(Recorded information begins)
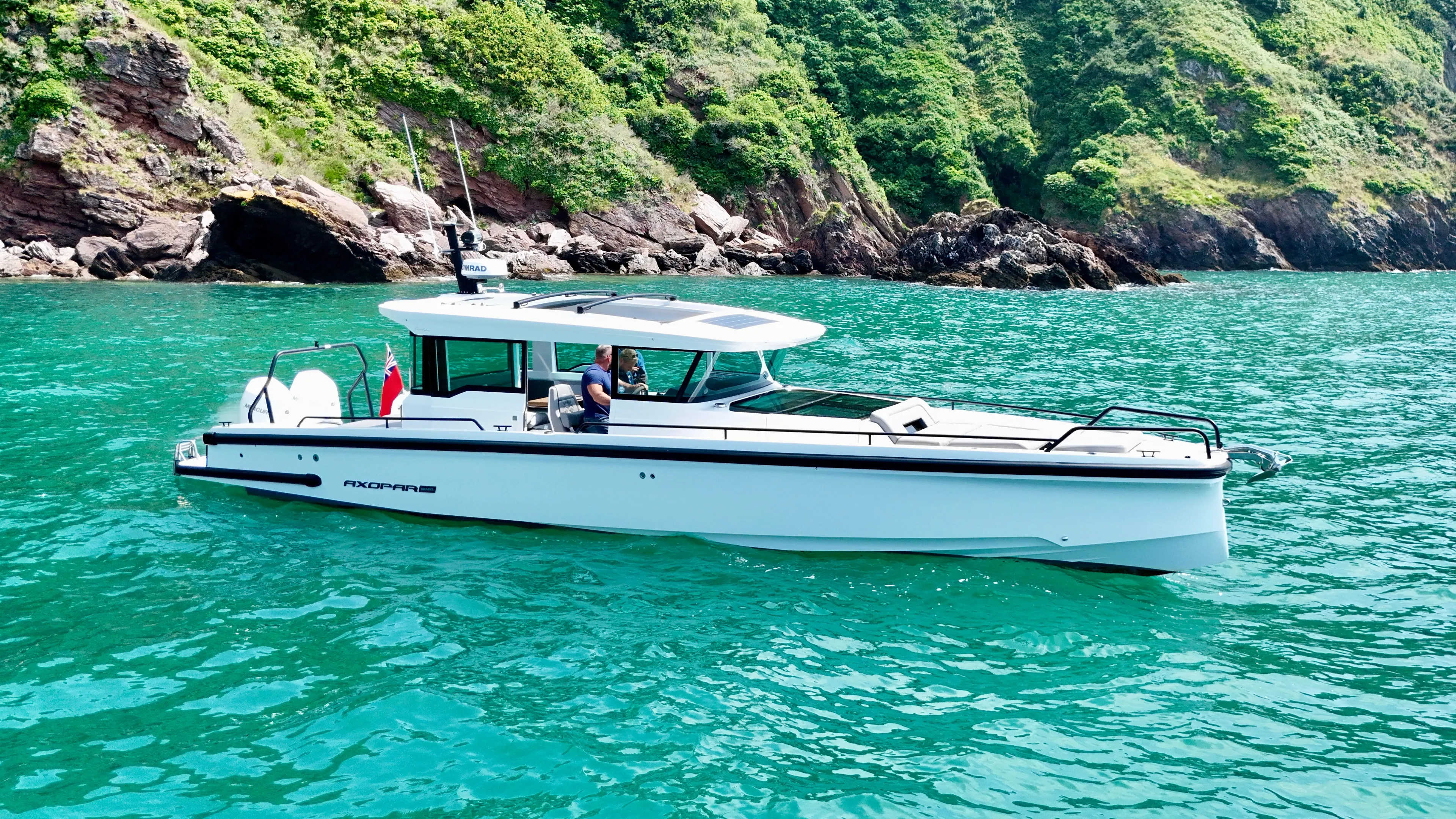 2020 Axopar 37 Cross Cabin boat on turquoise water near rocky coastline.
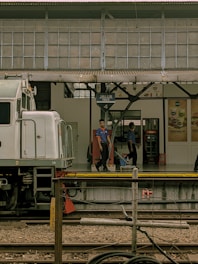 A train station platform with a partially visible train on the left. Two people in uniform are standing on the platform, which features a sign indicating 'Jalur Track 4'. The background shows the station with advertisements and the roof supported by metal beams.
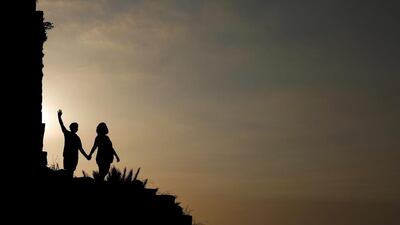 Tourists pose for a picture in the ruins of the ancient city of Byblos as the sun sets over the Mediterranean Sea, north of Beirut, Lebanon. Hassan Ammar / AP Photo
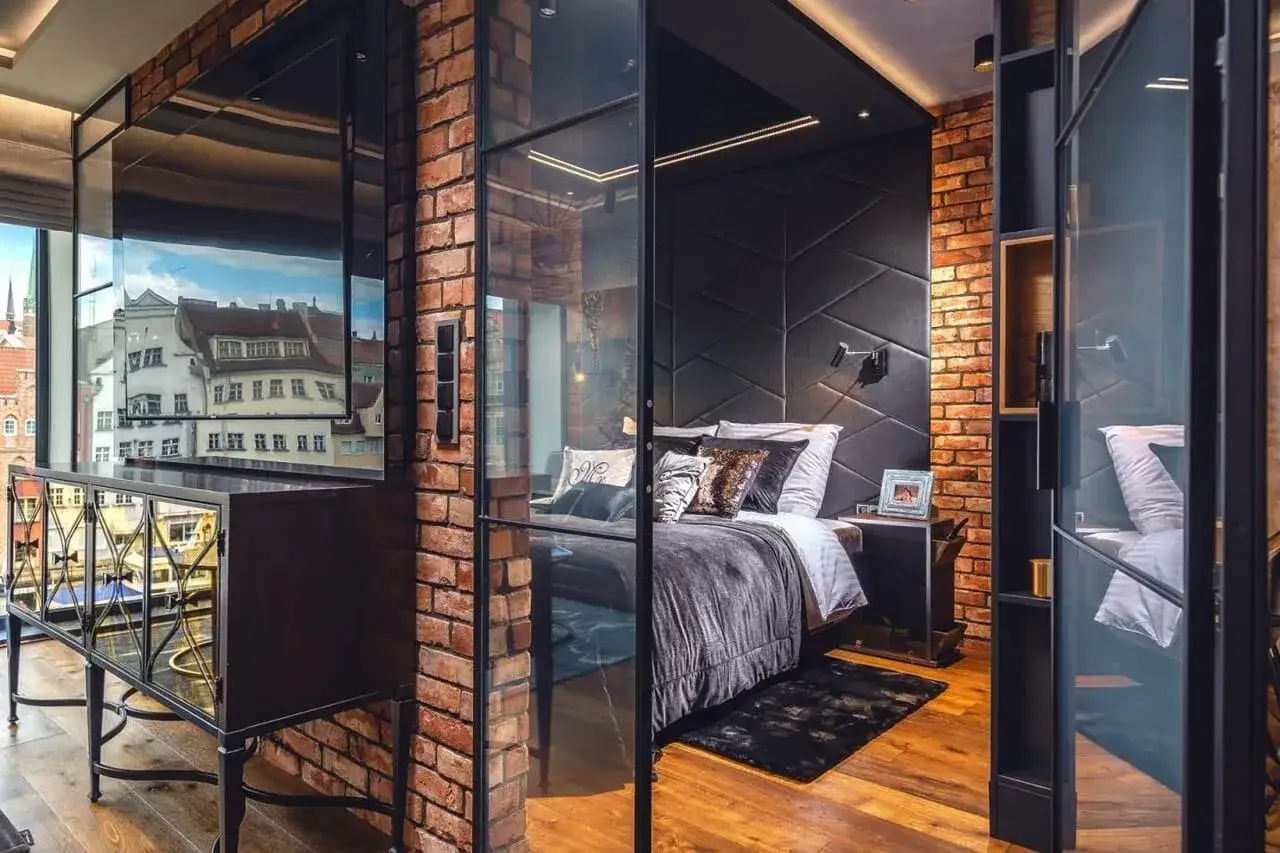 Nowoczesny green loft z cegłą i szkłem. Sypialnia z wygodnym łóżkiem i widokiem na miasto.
(Recorded information ends)
Return the lines exactly, from the one containing "A train station" through the last line above, including both ends and excluding every picture.

> Reply to the exercise:
 A train station platform with a partially visible train on the left. Two people in uniform are standing on the platform, which features a sign indicating 'Jalur Track 4'. The background shows the station with advertisements and the roof supported by metal beams.
 Tourists pose for a picture in the ruins of the ancient city of Byblos as the sun sets over the Mediterranean Sea, north of Beirut, Lebanon. Hassan Ammar / AP Photo
 Nowoczesny green loft z cegłą i szkłem. Sypialnia z wygodnym łóżkiem i widokiem na miasto.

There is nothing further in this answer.